[Records from a data collection]
··········

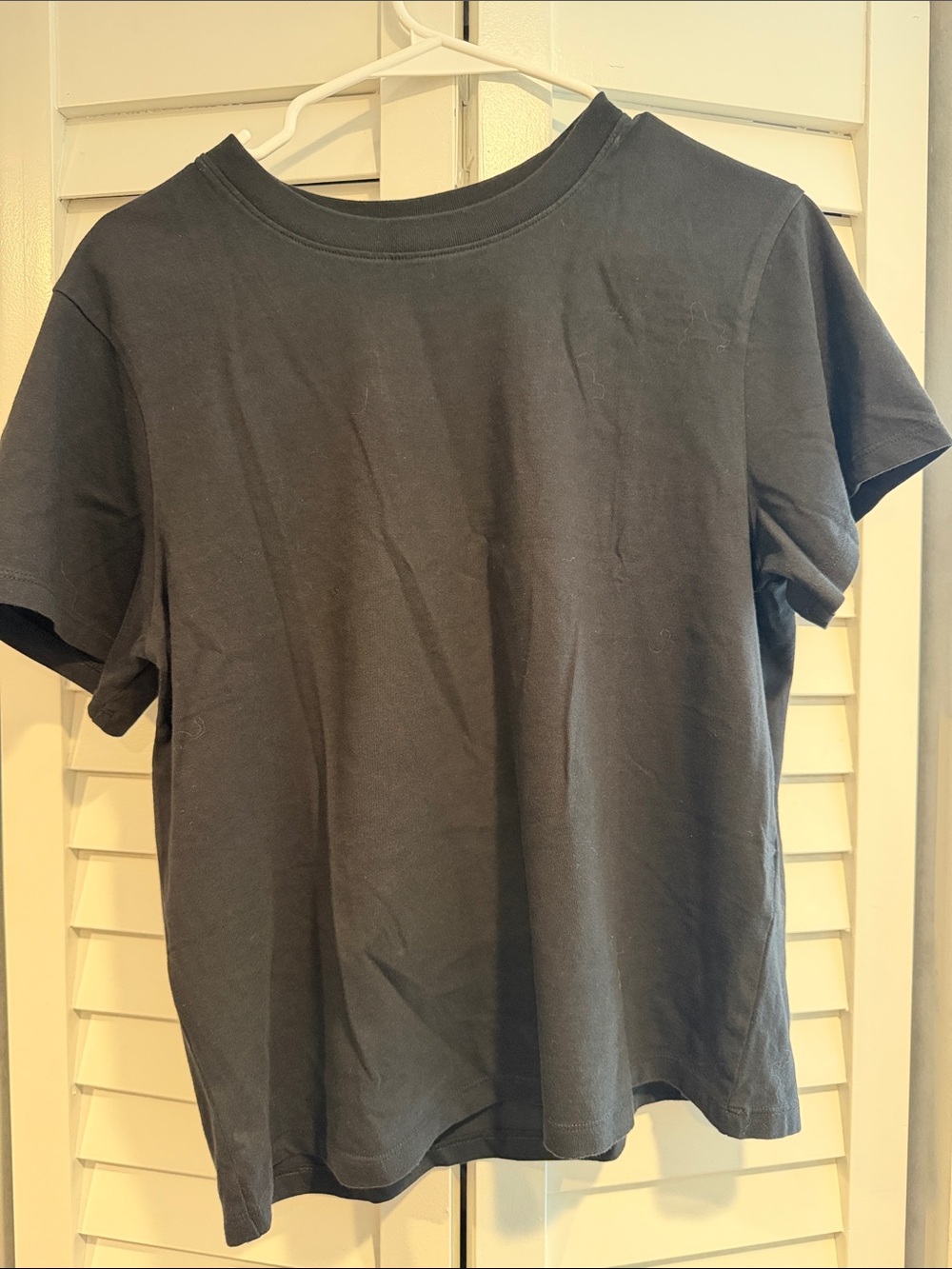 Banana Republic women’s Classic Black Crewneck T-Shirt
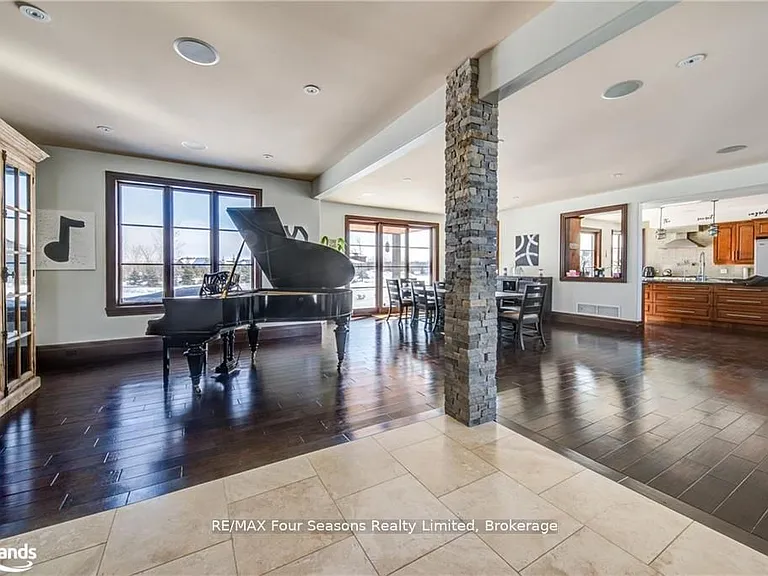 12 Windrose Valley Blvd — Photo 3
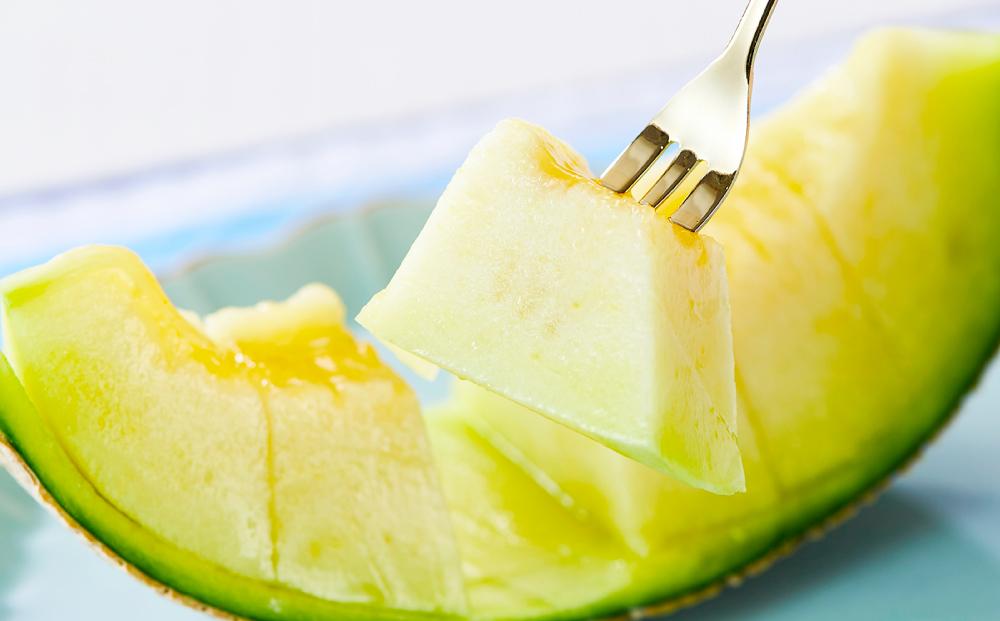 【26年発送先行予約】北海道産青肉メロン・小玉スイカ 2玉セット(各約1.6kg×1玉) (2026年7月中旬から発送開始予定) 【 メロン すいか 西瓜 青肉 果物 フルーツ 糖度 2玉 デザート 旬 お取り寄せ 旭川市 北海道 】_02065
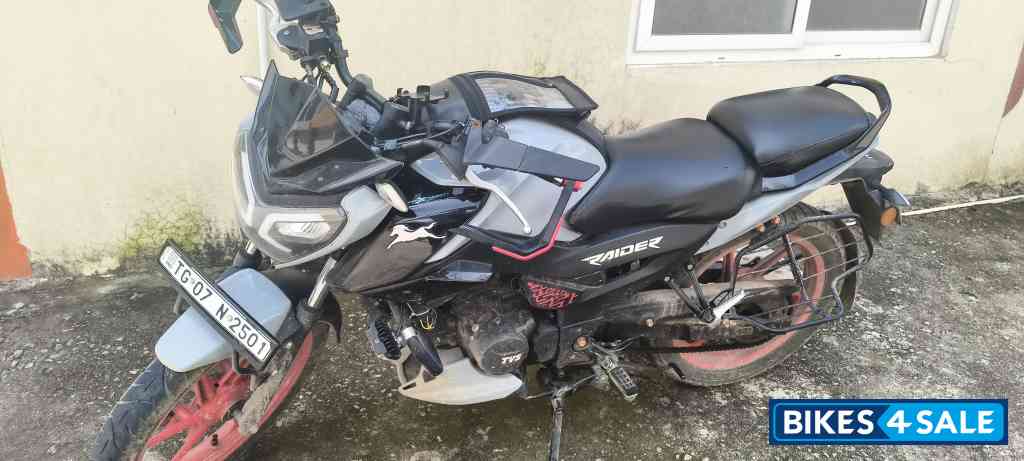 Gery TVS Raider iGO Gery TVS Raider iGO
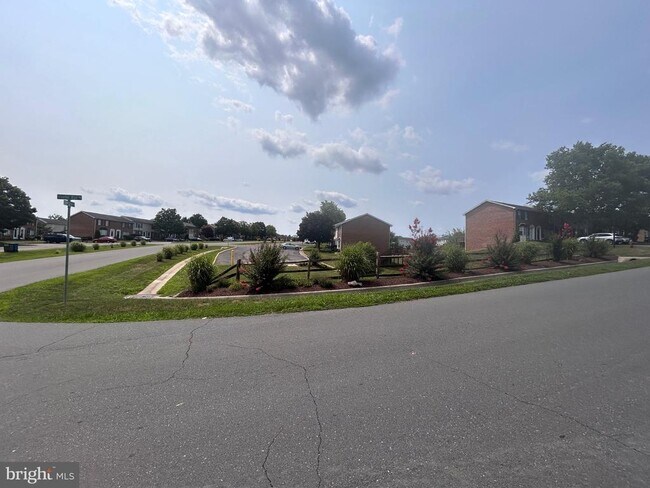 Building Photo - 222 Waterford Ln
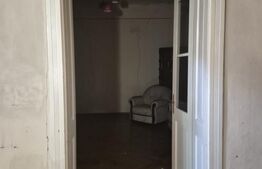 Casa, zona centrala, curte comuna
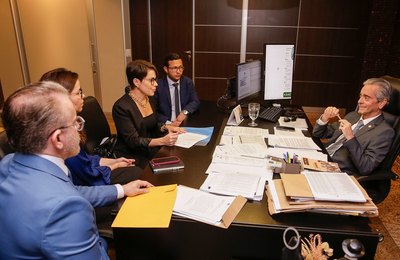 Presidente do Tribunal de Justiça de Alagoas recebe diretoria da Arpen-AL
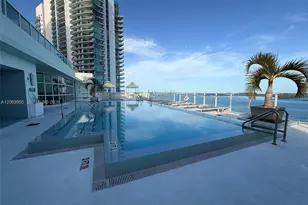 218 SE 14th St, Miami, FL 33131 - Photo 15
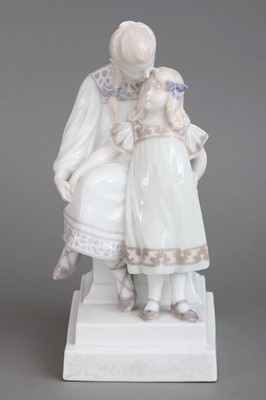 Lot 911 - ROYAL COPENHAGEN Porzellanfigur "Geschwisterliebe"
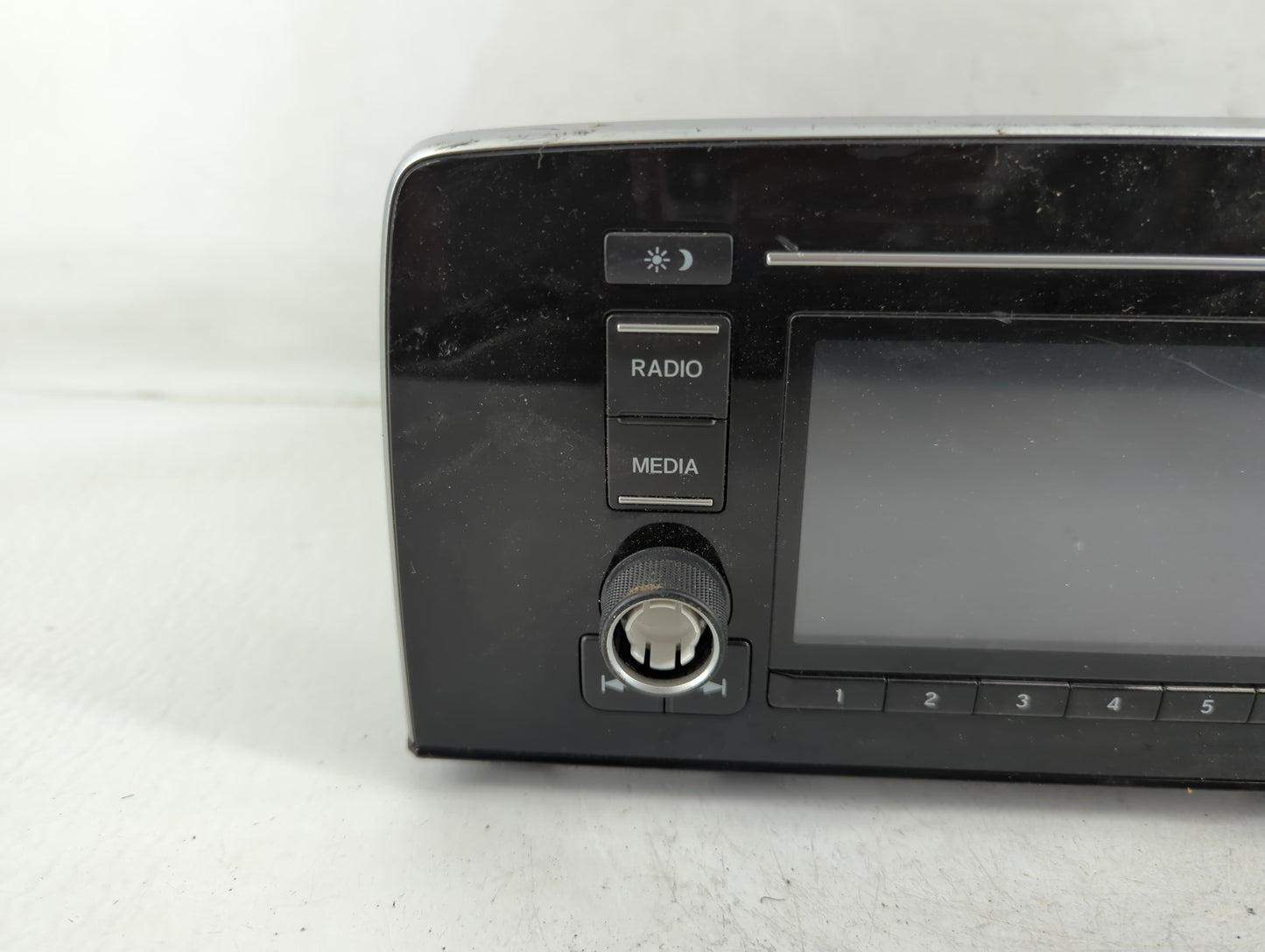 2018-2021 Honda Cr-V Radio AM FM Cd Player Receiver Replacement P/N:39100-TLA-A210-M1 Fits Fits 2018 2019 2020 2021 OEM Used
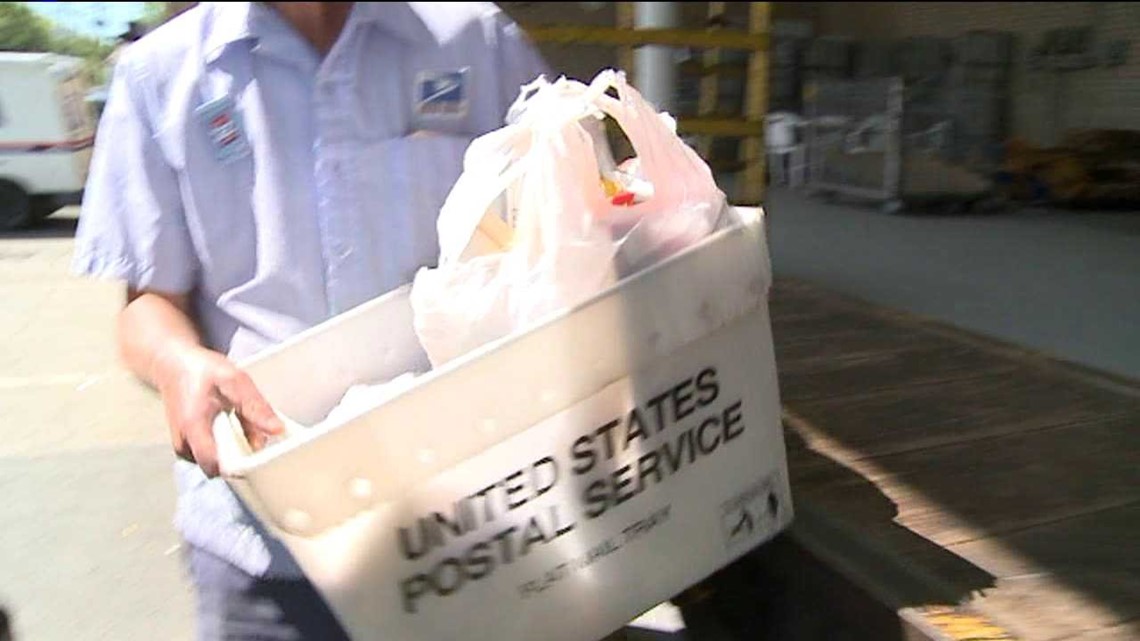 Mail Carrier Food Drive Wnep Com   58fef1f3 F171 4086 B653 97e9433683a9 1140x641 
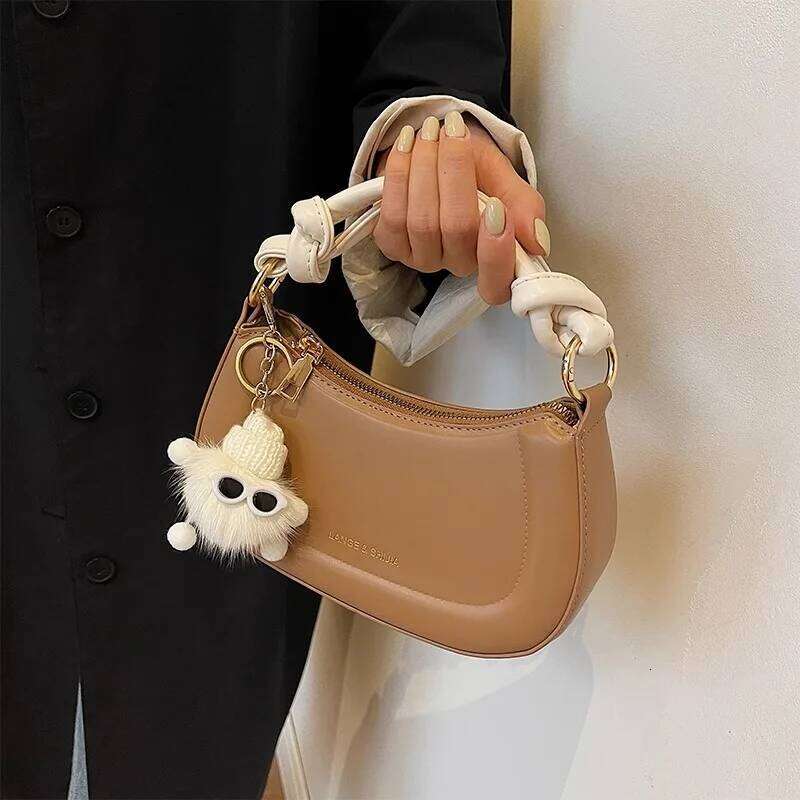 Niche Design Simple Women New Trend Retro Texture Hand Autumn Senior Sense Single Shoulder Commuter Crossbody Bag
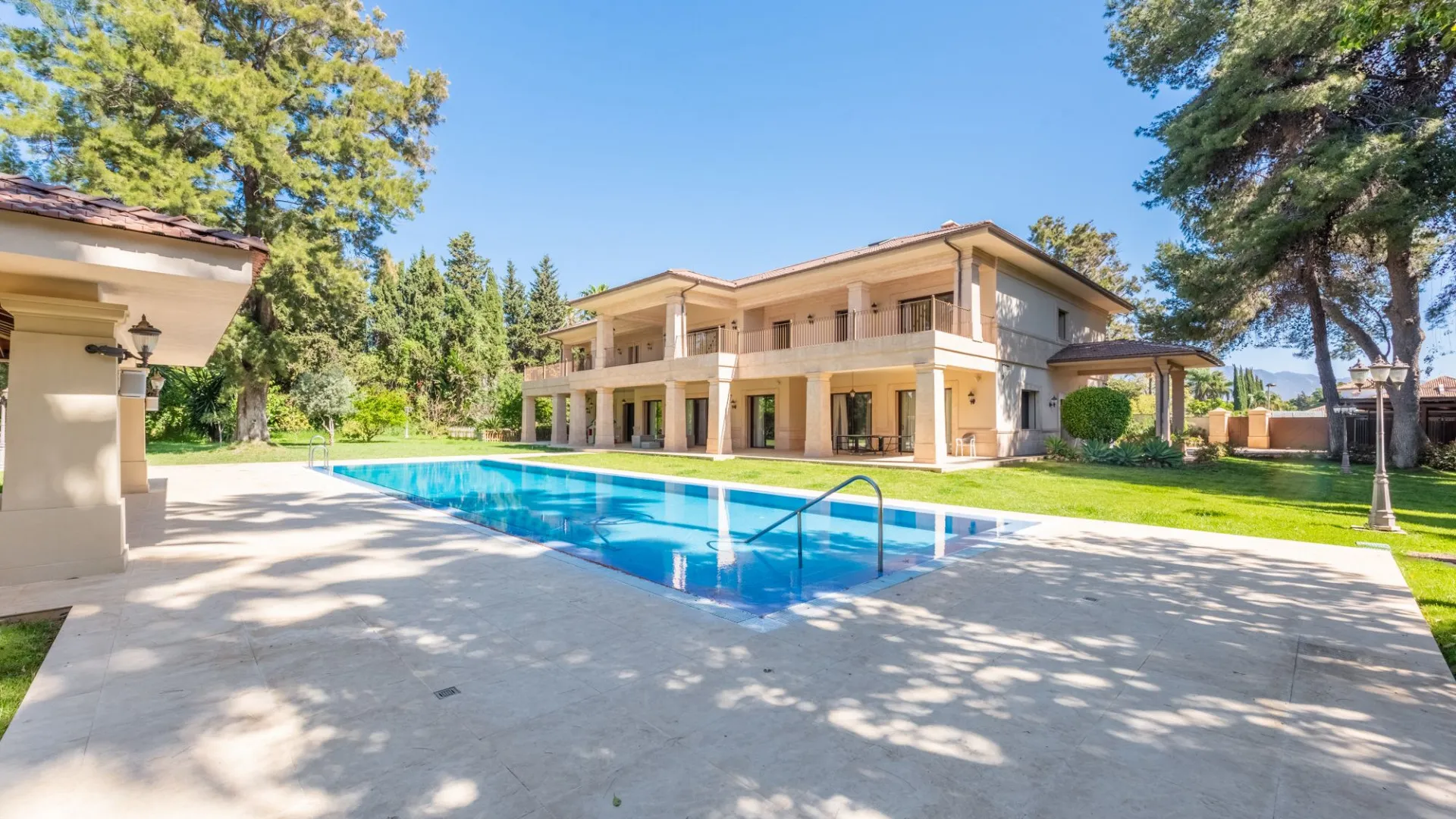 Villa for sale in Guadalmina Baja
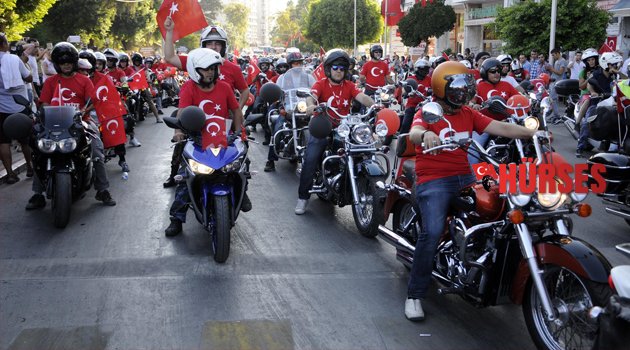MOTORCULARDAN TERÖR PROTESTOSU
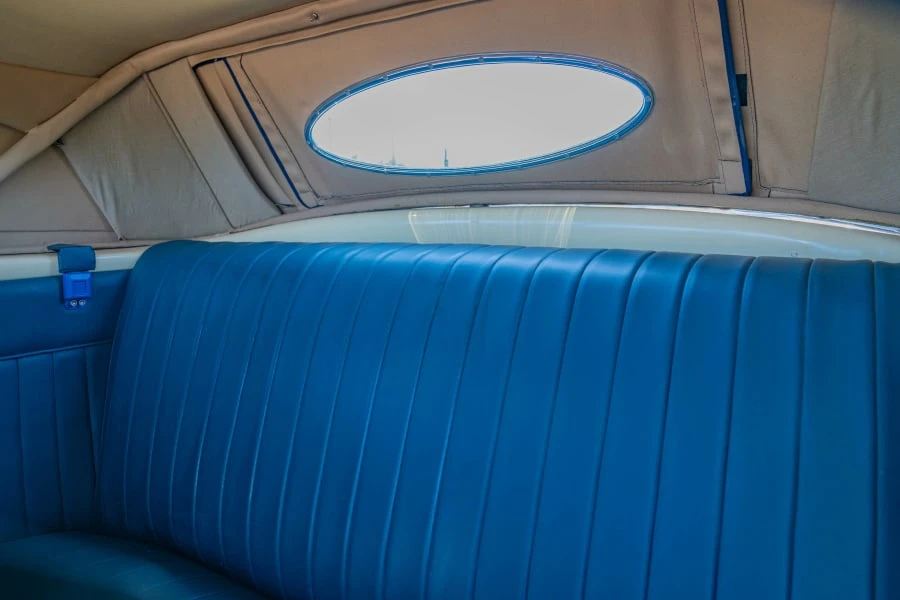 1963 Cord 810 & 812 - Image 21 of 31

··········

● WORK INSTRUCTIONS
I would like an exact copy of the lines from the one holding "Mail Carrier Food" through the last line of the entries above, with the pictures left out.

● PROBLEM SOLUTION
 Mail Carrier Food Drive Wnep Com   58fef1f3 F171 4086 B653 97e9433683a9 1140x641 
 Niche Design Simple Women New Trend Retro Texture Hand Autumn Senior Sense Single Shoulder Commuter Crossbody Bag
 Villa for sale in Guadalmina Baja
MOTORCULARDAN TERÖR PROTESTOSU
 1963 Cord 810 & 812 - Image 21 of 31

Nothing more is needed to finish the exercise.